Alla luce di tali considerazioni e in assenza di prova in ordine a comportamenti o stili di vita dell’uomo deceduto tali da fare supporre una diversa eziologia dell’infezione la stessa è stata ritenuta conseguenza delle emotrasfusioni cui fu sottoposto l’uomo presso l’Ospedale Umberto I° di Siracusa.

Tale evento dannoso è dunque da imputare a un comportamento colposo del Ministero.

Difatti sul punto anche le Sezioni Unite hanno chiarito e confermato la sussistenza in capo al Ministero dell’obbligo di controllo, direttiva e vigilanza in materia di impiego di sangue umano per uso terapeutico affinché fosse utilizzato sangue non infetto e proveniente da donatori conformi agli standard di esclusione dei rischi.

Secondo il Consesso cui il Tribunale dichiara di uniformarsi “non sussistono tre eventi lesivi (contagio da HIV, HBC e HCV), come se si trattasse di tre serie causali autonome ed indipendenti, ma di un unico evento lesivo, cioè la lesione dell’integrità fisica, per cui unico è il nesso causale: trasfusione con sangue infetto – contagio infettivo – lesione dell’integrità “.
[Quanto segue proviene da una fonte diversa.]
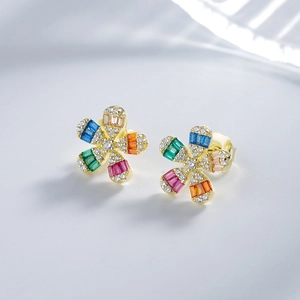 Chic silver daisy stud earrings with vibrant multi-color zircon stones and gold plating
Più recentemente, continua il Tribunale, la Suprema Corte ha confermato che in argomento di patologie conseguenti a infezioni dei virus HBV, HCV, HIV, contratti a causa di assunzioni di emotrasfusioni o di emoderivati con sangue infetto, vi è la presunzione di responsabilità del Ministero della Salute per il contagio verificatosi tra gli anni 1979 e 1989.

Ne consegue che già all’epoca delle emotrasfusioni praticate dall’uomo deceduto incombeva sul Ministero della Salute il dovere di vigilare e di attivarsi per evitare, o quantomeno ridurre, il rischio di infezioni virali insito nella pratica terapeutica della trasfusione di sangue e dell’uso di emoderivati.

Acclarata la responsabilità ex art. 2043 del Ministero il Tribunale lo condanna a corrispondere a titolo di risarcimento del danno jure hereditatis per danno non patrimoniale subito dal fratello la somma di € 665.427,00 e a titolo di risarcimento del danno jure proprio per la morte del fratello la somma di € 145.500,00.